_Task to complete_. The response should be an exact copy of every record.

_Task input_.
=== Section Start ===

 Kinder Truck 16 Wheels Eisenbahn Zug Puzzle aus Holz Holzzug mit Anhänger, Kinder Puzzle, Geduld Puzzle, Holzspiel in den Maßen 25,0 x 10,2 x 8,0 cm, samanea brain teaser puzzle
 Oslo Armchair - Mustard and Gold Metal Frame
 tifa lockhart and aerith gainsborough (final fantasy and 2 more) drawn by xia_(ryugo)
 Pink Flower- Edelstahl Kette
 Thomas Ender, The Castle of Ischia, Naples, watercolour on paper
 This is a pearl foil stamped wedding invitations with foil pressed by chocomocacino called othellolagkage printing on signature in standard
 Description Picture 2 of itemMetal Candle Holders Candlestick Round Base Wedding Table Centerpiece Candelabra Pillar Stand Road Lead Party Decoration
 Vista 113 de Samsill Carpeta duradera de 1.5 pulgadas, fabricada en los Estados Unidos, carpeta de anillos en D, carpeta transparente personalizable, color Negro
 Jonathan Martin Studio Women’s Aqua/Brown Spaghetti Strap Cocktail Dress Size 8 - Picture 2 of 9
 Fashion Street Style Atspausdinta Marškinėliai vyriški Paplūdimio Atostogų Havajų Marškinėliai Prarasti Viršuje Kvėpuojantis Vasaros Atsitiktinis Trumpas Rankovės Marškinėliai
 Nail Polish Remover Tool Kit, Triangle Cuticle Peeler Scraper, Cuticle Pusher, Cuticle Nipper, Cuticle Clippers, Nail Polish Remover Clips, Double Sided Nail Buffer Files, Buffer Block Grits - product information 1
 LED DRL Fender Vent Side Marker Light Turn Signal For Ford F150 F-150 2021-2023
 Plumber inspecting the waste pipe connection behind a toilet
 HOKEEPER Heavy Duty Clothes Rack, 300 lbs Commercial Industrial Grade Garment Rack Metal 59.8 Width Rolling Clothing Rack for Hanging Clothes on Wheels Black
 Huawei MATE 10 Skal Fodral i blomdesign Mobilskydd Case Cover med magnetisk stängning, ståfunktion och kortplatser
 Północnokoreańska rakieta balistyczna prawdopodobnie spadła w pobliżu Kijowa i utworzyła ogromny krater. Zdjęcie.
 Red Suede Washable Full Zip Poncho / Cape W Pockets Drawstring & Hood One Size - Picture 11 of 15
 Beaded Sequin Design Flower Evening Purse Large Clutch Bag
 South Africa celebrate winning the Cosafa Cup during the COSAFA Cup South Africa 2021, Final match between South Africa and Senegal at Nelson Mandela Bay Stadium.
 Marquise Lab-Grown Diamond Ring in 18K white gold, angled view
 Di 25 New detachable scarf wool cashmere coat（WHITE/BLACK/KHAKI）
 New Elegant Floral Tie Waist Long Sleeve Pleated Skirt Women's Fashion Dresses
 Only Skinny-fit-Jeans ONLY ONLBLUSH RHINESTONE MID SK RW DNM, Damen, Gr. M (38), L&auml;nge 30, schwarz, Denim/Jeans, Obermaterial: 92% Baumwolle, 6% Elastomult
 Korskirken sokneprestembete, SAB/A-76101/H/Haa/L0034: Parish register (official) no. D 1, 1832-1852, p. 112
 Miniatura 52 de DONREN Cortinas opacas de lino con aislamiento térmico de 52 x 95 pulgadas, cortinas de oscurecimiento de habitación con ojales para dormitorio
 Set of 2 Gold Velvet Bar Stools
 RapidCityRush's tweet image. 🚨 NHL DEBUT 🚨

=== Section End ===

_Result of the exercise_.
 Kinder Truck 16 Wheels Eisenbahn Zug Puzzle aus Holz Holzzug mit Anhänger, Kinder Puzzle, Geduld Puzzle, Holzspiel in den Maßen 25,0 x 10,2 x 8,0 cm, samanea brain teaser puzzle
 Oslo Armchair - Mustard and Gold Metal Frame
 tifa lockhart and aerith gainsborough (final fantasy and 2 more) drawn by xia_(ryugo)
 Pink Flower- Edelstahl Kette
 Thomas Ender, The Castle of Ischia, Naples, watercolour on paper
 This is a pearl foil stamped wedding invitations with foil pressed by chocomocacino called othellolagkage printing on signature in standard
 Description Picture 2 of itemMetal Candle Holders Candlestick Round Base Wedding Table Centerpiece Candelabra Pillar Stand Road Lead Party Decoration
 Vista 113 de Samsill Carpeta duradera de 1.5 pulgadas, fabricada en los Estados Unidos, carpeta de anillos en D, carpeta transparente personalizable, color Negro
 Jonathan Martin Studio Women’s Aqua/Brown Spaghetti Strap Cocktail Dress Size 8 - Picture 2 of 9
 Fashion Street Style Atspausdinta Marškinėliai vyriški Paplūdimio Atostogų Havajų Marškinėliai Prarasti Viršuje Kvėpuojantis Vasaros Atsitiktinis Trumpas Rankovės Marškinėliai
 Nail Polish Remover Tool Kit, Triangle Cuticle Peeler Scraper, Cuticle Pusher, Cuticle Nipper, Cuticle Clippers, Nail Polish Remover Clips, Double Sided Nail Buffer Files, Buffer Block Grits - product information 1
 LED DRL Fender Vent Side Marker Light Turn Signal For Ford F150 F-150 2021-2023
 Plumber inspecting the waste pipe connection behind a toilet
 HOKEEPER Heavy Duty Clothes Rack, 300 lbs Commercial Industrial Grade Garment Rack Metal 59.8 Width Rolling Clothing Rack for Hanging Clothes on Wheels Black
 Huawei MATE 10 Skal Fodral i blomdesign Mobilskydd Case Cover med magnetisk stängning, ståfunktion och kortplatser
 Północnokoreańska rakieta balistyczna prawdopodobnie spadła w pobliżu Kijowa i utworzyła ogromny krater. Zdjęcie.
 Red Suede Washable Full Zip Poncho / Cape W Pockets Drawstring & Hood One Size - Picture 11 of 15
 Beaded Sequin Design Flower Evening Purse Large Clutch Bag
 South Africa celebrate winning the Cosafa Cup during the COSAFA Cup South Africa 2021, Final match between South Africa and Senegal at Nelson Mandela Bay Stadium.
 Marquise Lab-Grown Diamond Ring in 18K white gold, angled view
 Di 25 New detachable scarf wool cashmere coat（WHITE/BLACK/KHAKI）
 New Elegant Floral Tie Waist Long Sleeve Pleated Skirt Women's Fashion Dresses
 Only Skinny-fit-Jeans ONLY ONLBLUSH RHINESTONE MID SK RW DNM, Damen, Gr. M (38), L&auml;nge 30, schwarz, Denim/Jeans, Obermaterial: 92% Baumwolle, 6% Elastomult
 Korskirken sokneprestembete, SAB/A-76101/H/Haa/L0034: Parish register (official) no. D 1, 1832-1852, p. 112
 Miniatura 52 de DONREN Cortinas opacas de lino con aislamiento térmico de 52 x 95 pulgadas, cortinas de oscurecimiento de habitación con ojales para dormitorio
 Set of 2 Gold Velvet Bar Stools
 RapidCityRush's tweet image. 🚨 NHL DEBUT 🚨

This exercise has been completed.